Work to be completed - Below are the records; give again exactly the line with "Porte-monnaie en cuir", the line with "vidaXL Bedframe met", and each line that lies between them, and nothing besides.

Dataset -
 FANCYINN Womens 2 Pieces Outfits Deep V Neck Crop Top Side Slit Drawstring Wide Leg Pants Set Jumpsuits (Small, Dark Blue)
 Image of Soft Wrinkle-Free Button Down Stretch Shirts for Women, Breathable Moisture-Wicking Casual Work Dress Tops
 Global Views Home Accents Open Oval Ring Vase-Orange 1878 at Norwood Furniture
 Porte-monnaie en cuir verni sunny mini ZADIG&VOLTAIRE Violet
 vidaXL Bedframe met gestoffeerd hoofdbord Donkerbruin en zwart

* * *

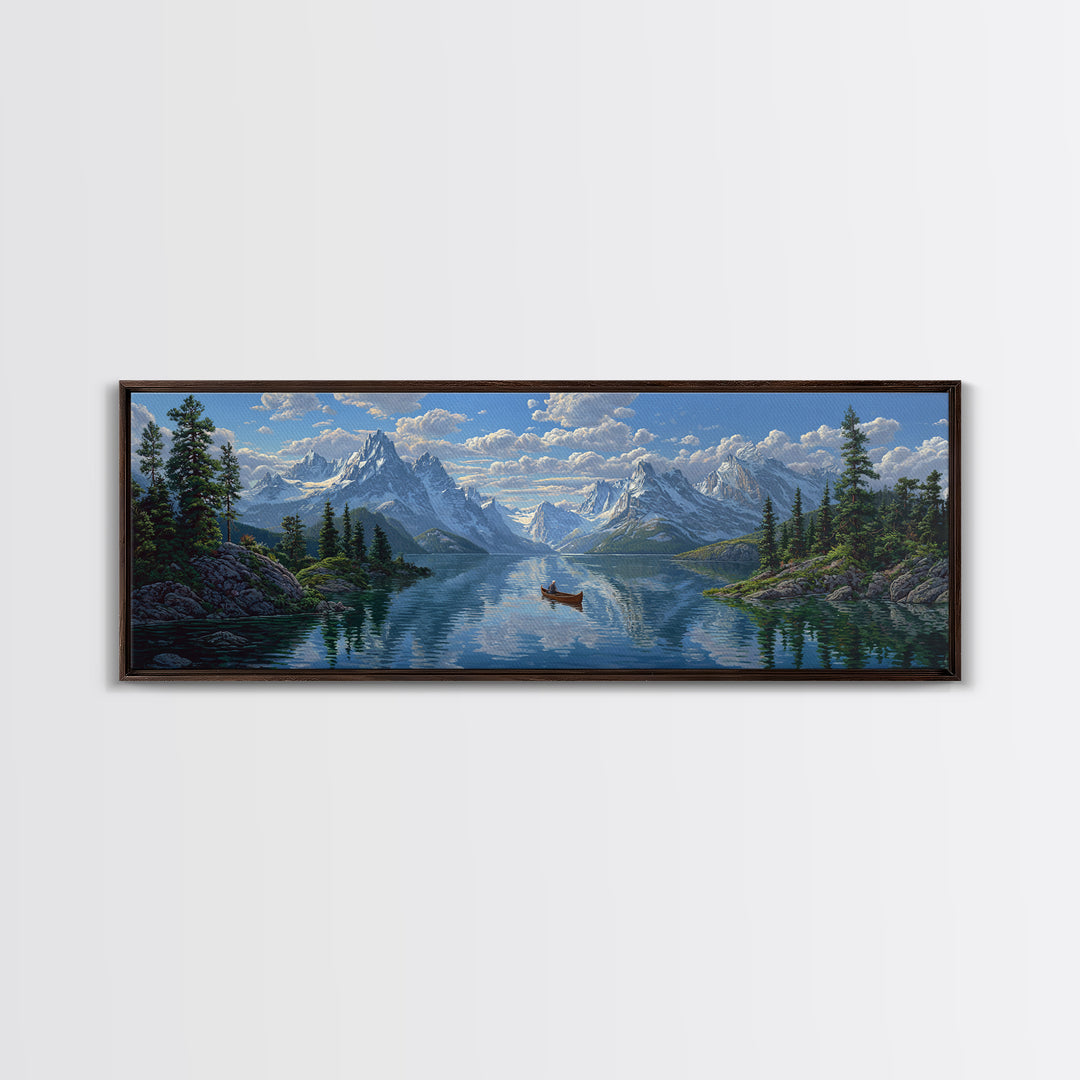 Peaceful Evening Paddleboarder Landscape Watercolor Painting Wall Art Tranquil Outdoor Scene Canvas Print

Response to the task -
 Porte-monnaie en cuir verni sunny mini ZADIG&VOLTAIRE Violet
 vidaXL Bedframe met gestoffeerd hoofdbord Donkerbruin en zwart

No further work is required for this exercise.